NS records are the glue. The root zone holds NS records for every TLD: com NS a.gtld-servers.net. The .com zone holds NS records for every domain registered under it: example.com NS dns1.example.com. The example.com zone holds the actual A, AAAA, MX, TXT records. A recursive resolver walking down the tree follows the NS chain at every step.

Delegation explains why DNS is decentralised in practice even though it has a single root. The root operators run the root zone. ICANN delegates TLDs to registries (Verisign for .com and .net; PIR for .org; .DEV is Google Registry). Registrars sell domains under those TLDs. The owner of example.com runs (or pays someone to run) the authoritative servers for that zone, and controls every record under it. No single party can change example.com's records without holding the credentials at the registrar.
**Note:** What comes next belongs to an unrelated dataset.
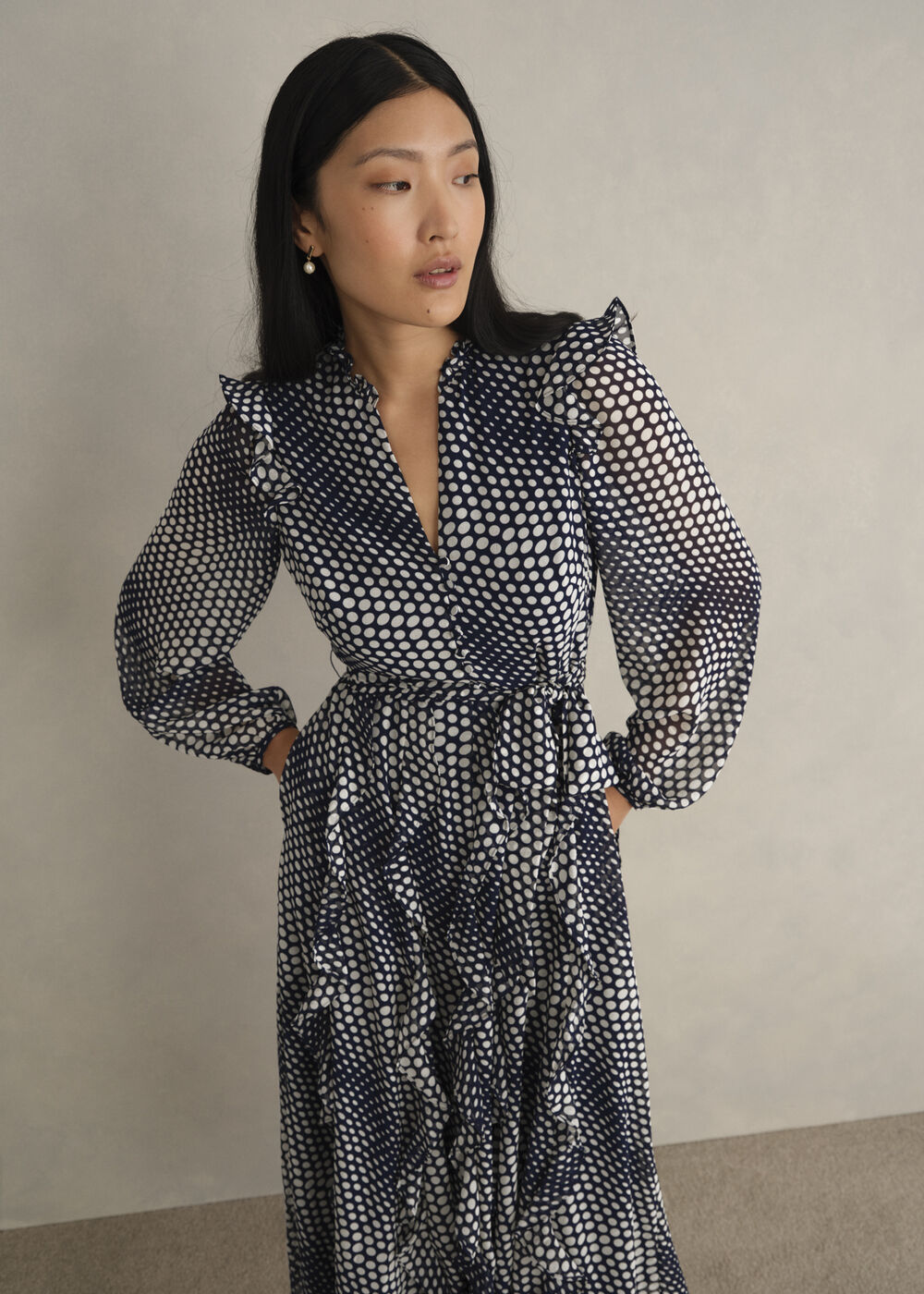 Petite Miriam Dress, Midnight Cream, hi-res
The thirteen root servers — anycast, not single boxes

A through M, hundreds of instances each.

There are thirteen root server identities, named a.root-servers.net through m.root-servers.net. Each identity is operated by a different organisation: Verisign runs A and J; USC-ISI runs B; Cogent runs C; the University of Maryland runs D; NASA Ames runs E; Internet Systems Consortium runs F; and so on through RIPE NCC, Netnod, Verisign again, ICANN, US Army Research Lab, WIDE Project. The list at root-servers.org is public.

The "thirteen" is a packet-size limit. RFC 1035 caps DNS over UDP at 512 bytes, and the root NS records plus their A records (later AAAA records) need to fit in a single response. Thirteen is the largest count that fits. EDNS (RFC 6891) lifted the cap to 4096 bytes in 1999, but the thirteen-identity tradition stayed.

Each identity is not a single machine. Through BGP anycast (RFC 4786), every identity is advertised from hundreds of physical instances worldwide. A query to k.root-servers.net is routed to whichever instance is closest in BGP terms — usually in the same metro as the querying resolver. The root-servers.org map counts well over a thousand root server instances combined. The root system handles tens of billions of queries per day, mostly answered in single-digit milliseconds, mostly cacheable.

This is also why no one has "taken down DNS" by attacking root servers. The 2002 and 2007 attacks on the root nominally hit named identities but failed to disrupt service: anycast means the actual servers are spread across hundreds of locations, and the per-query work is trivial because nearly every recursive resolver in the world caches root NS records for two days at a time.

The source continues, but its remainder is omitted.